Die Geschwister Arnaud und Maëva Grapain bezeichnen sich selbst als „Neo-Archäologen“, die den Zustand unserer Welt erkunden. Sie fragen, wie und in welcher Umgebung wir aktuell und zukünftig leben. Welche Auswirkungen haben moderne Technologien auf Umwelt und Gesellschaft? Wird die Menschheit selbst für ihr Aussterben sorgen? Welche materiellen und immateriellen Hinterlassenschaften werden von der menschlichen Zivilisation übrigbleiben?

Den oft raumgreifenden Installationen liegen fundierte Erkenntnisse aus naturkundlichen Beobachtungen und Forschungen zugrunde. Optisch sind die Schöpfungen des Collectif Grapain Verbindungen aus organisch anmutenden und technologischen Elementen.
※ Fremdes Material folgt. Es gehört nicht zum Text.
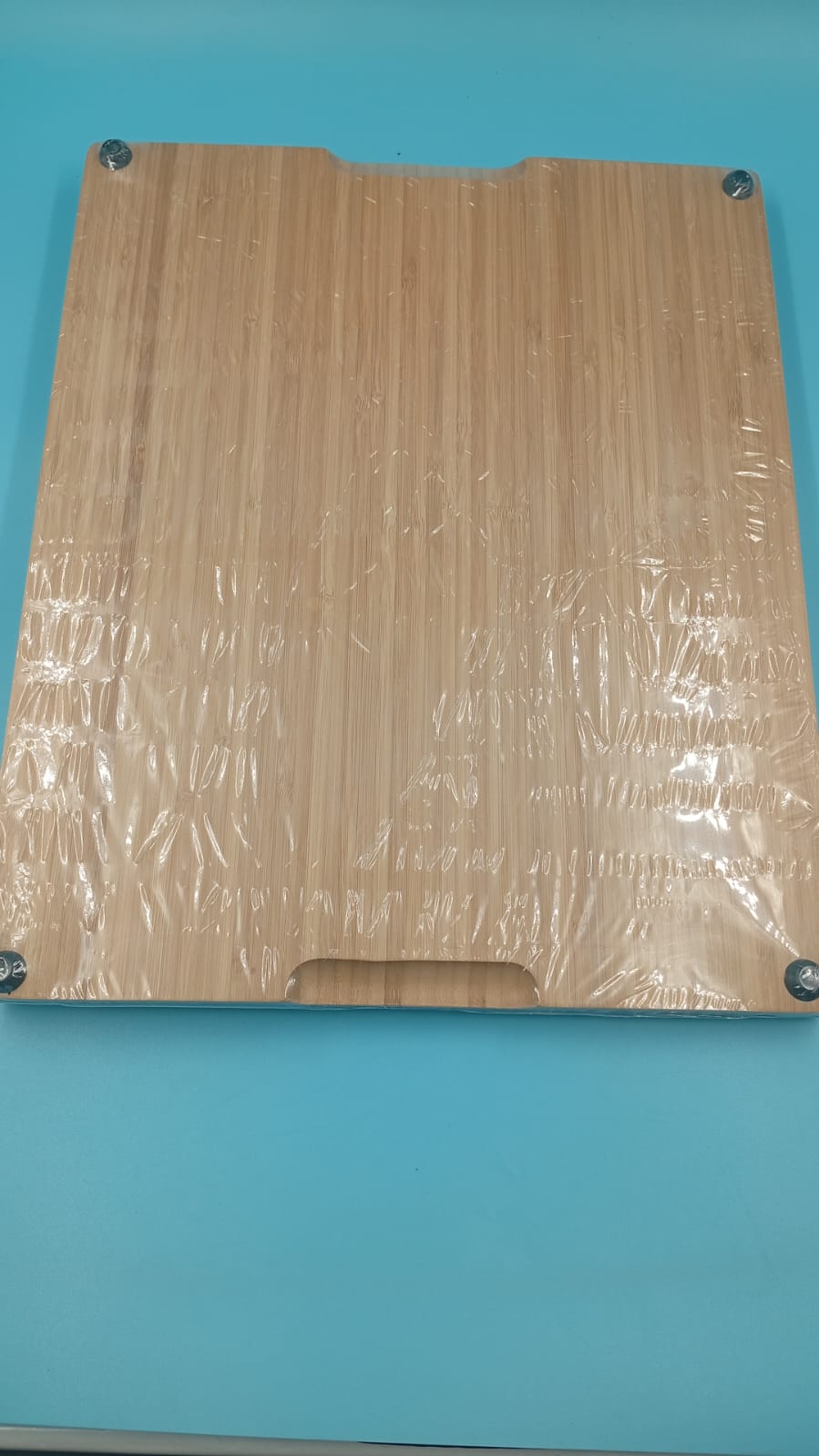 Tabla para quesos y charcutería, Abell, con 4 cuchillos y 2 cuencos.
Es sind Installationen, die wie Kombinationen aus futuristischer Science-Fiction-Ästhetik und wissenschaftlicher Experimentanordnung anmuten. Sie lassen zugleich an Versuchslabore und Spitzentechnologie sowie an organische Stoffe denken.

Drei der vier Werke in der Nordbox im Kunstmuseum Moritzburg Halle (Saale) hat Collectif Grapain eigens für die Präsentation geschaffen. Im Zentrum des Raumes steht Ghost Fire, ein großer Greifer, wie er bei Kranen genutzt wird, um grobes und sperriges Material zu heben. Das Blau des ihn umgebenden Vitrinenglases ähnelt dem leuchtenden Blau beim sogenannten Tscherenekow-Effekt. Dieser findet z. B. im Kühlwasser von Atomreaktoren statt, weil sich die elektrisch geladenen Teilchen in der Kernspaltungszone schneller als die Lichtgeschwindigkeit bewegen und so für eine Blau-Färbung des Wassers sorgen.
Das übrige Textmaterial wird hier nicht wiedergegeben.